JAR Data and Code Sharing Policy

This template is designed to satisfy the Journal of Accounting Research’s Data and Code Sharing Policy. The policy expects authors to provide three things:

  1. Code that converts raw data into the final analytical dataset and produces the reported tables and figures.
  2. A comprehensive log file documenting the end-to-end execution of that code.
  3. Identifiers (e.g., gvkey, permno) of the observations comprising the final sample.

project-template is designed around these requirements:

  • The pipeline splits raw WRDS pulls (RAW_DATA_DIR) from derived data (DATA_DIR). A replication run can re-execute scripts 2-4 against the original researcher’s preserved raw inputs without hitting WRDS.
  • Every pipeline step produces a per-script log in the SAS-log style — every command echoed, output interleaved, plain text. R steps go through batch_run() (an R CMD BATCH wrapper in utils.R); Python steps go through an equivalent batch_run() in utils.py that subprocesses through an AST-based echo wrapper; Stata’s native log using and SAS’s native proc printto produce the same shape. All four supported languages emit visually consistent logs.
  • The 005-data-provenance.{R,py} step exports sample-identifiers.{parquet,csv} (gvkey, permno, rdq, datadate, fyearq, fqtr) into the template’s provenance/ folder and prints SHA256 hashes for every raw, derived, and output file. That step’s own .Rout / .log is the project’s content-addressed provenance record. The data files are gitignored by default so the template stays clean as it is passed around; submitters force-add the artifacts they want to ship with git add -f provenance/sample-identifiers.csv.

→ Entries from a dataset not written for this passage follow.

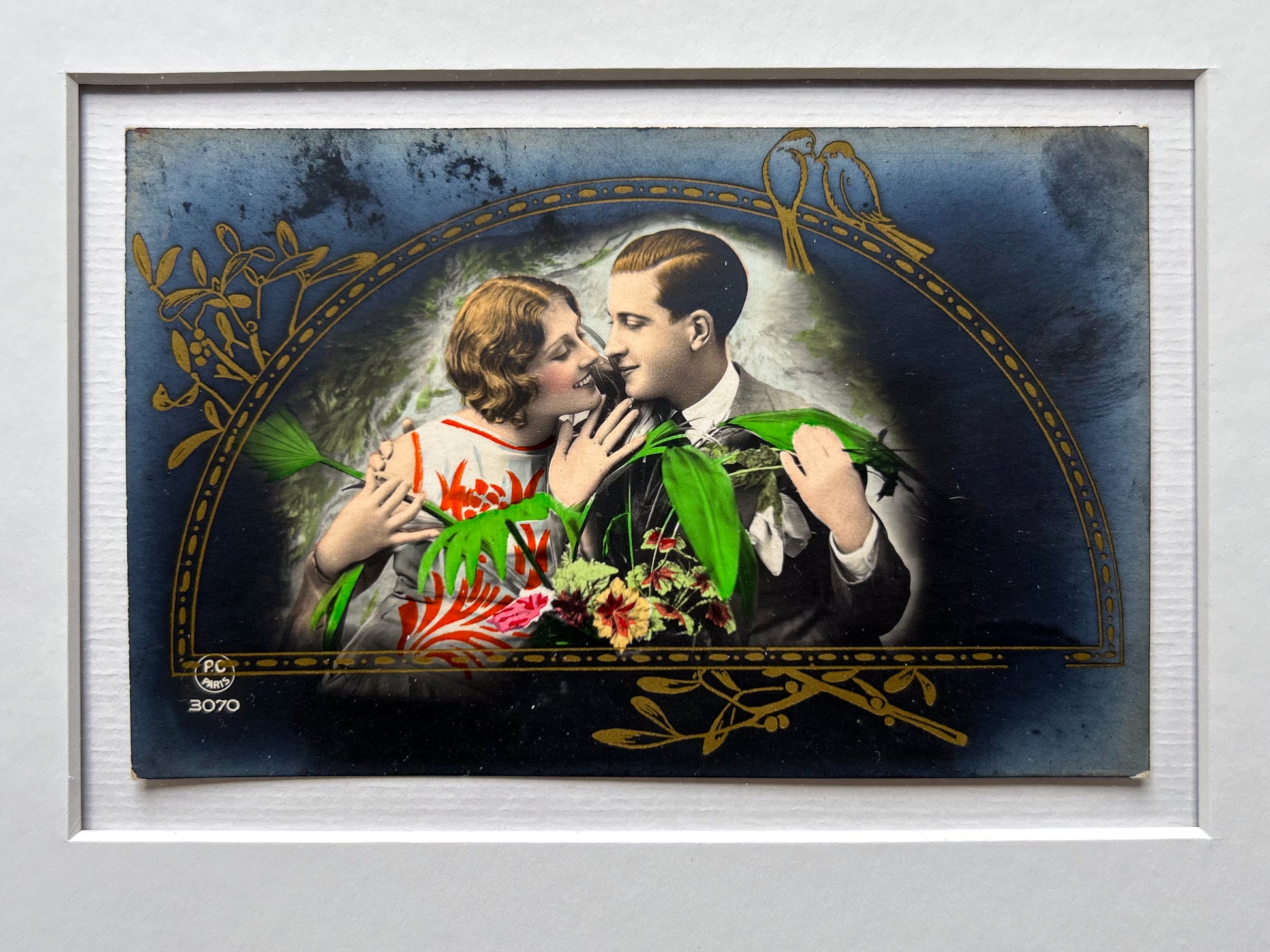 Keeping company - Framed 1930s Hand-Tinted Paris Photo Postcard by REX P.C of a couple embracing – Vintage Wall Art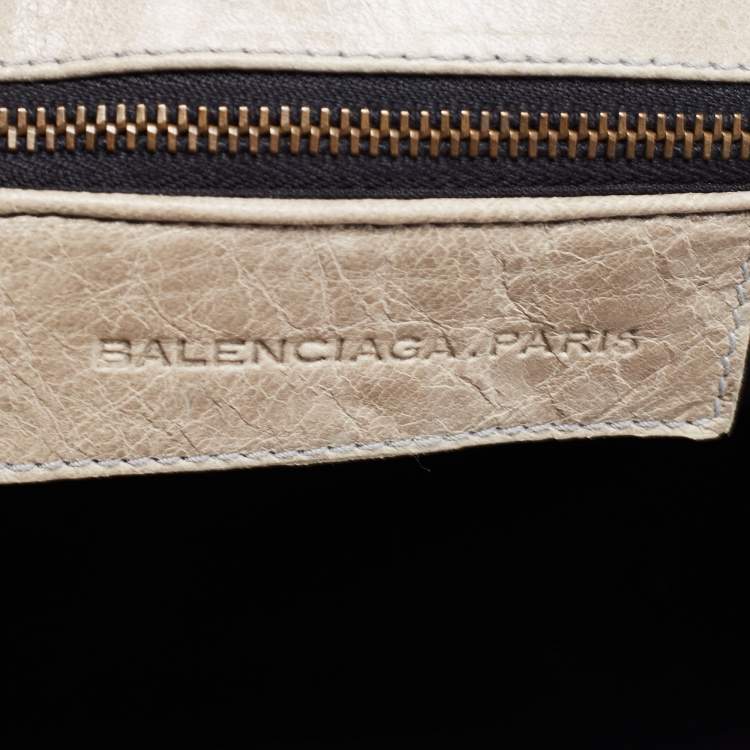 Pre Owned Balenciaga Grey Leather Motorcross Classic Oval Clutch 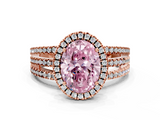 Rose gold Fancy Pink Oval  Cut Halo Diamond Engagement Ring with Split Shank and Four-Prong Setting_20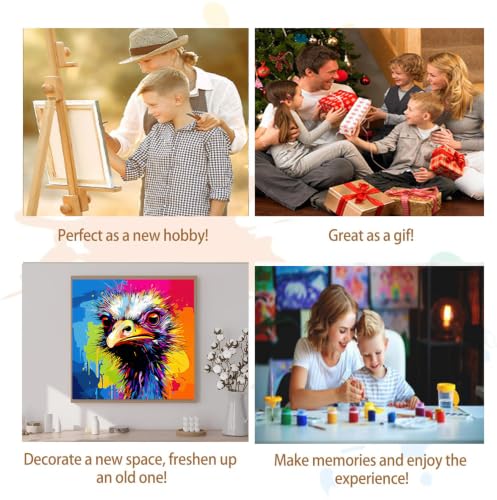 Artunion Framed Paint by Numbers Kit for Adults Beginners & Kids Ages 8-12,Colorful Ostrich Paint by Number with Frame,Animal Paint by Numbers Kit on Canvas 10 * 10 Inch Without Easel - color: ZXT-392-F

Reference sample for exact-match replication

For users who want to confirm an exact-row match against the author’s own run of the template, a reference copy of sample-identifiers.csv lives in this hub’s provenance/ folder. After running project-template end-to-end against your own WRDS access, diff your project-template/provenance/sample-identifiers.csv against the file in the hub — matching row counts and identifier sets confirm your build is reproducing the author’s; mismatches point at where in the pipeline your raw data, sample filters, or merge keys diverge.

A real-world example

A published research project organized around these conventions in practice:

  • Paper: Larocque, S. A., Watkins, J., and Weisbrod, E. H. (forthcoming). “Consensus? An Examination of Differences in Earnings Information Across Forecast Data Providers.” Journal of Accounting Research (in production).
  • DOI: 10.1111/1475-679x.70072 (activates once Wiley completes production)
  • Companion GitHub repository: https://github.com/eweisbrod/consensus

The consensus repository applies the same patterns described above — per-script logs, sample-identifier export, separation of raw and derived data — across a multi-language (R, Stata, SAS) production project. It is also the source of the SAS-side worked example presented in the SAS macros chapter.